[WORK INSTRUCTIONS]: Using the entries below, show all lines with the string "Case".

[Extracted records]:
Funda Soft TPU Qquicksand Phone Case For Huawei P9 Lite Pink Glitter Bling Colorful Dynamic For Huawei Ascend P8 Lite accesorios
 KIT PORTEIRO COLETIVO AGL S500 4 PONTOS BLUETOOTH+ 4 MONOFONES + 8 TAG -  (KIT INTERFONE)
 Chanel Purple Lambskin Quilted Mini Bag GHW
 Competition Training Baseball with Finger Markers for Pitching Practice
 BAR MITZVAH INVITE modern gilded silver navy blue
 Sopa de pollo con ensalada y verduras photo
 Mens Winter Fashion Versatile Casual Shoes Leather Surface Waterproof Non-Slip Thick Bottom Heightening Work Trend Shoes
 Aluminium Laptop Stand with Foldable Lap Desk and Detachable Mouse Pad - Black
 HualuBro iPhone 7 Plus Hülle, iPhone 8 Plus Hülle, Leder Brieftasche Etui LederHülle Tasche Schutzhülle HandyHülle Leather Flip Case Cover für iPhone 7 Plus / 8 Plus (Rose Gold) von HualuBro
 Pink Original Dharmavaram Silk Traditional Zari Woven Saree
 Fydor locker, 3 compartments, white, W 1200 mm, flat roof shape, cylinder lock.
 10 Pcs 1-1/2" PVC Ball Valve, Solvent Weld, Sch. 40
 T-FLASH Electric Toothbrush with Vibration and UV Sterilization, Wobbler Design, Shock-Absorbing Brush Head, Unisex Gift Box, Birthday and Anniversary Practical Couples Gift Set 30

[THE ANSWER]:
Funda Soft TPU Qquicksand Phone Case For Huawei P9 Lite Pink Glitter Bling Colorful Dynamic For Huawei Ascend P8 Lite accesorios
 HualuBro iPhone 7 Plus Hülle, iPhone 8 Plus Hülle, Leder Brieftasche Etui LederHülle Tasche Schutzhülle HandyHülle Leather Flip Case Cover für iPhone 7 Plus / 8 Plus (Rose Gold) von HualuBro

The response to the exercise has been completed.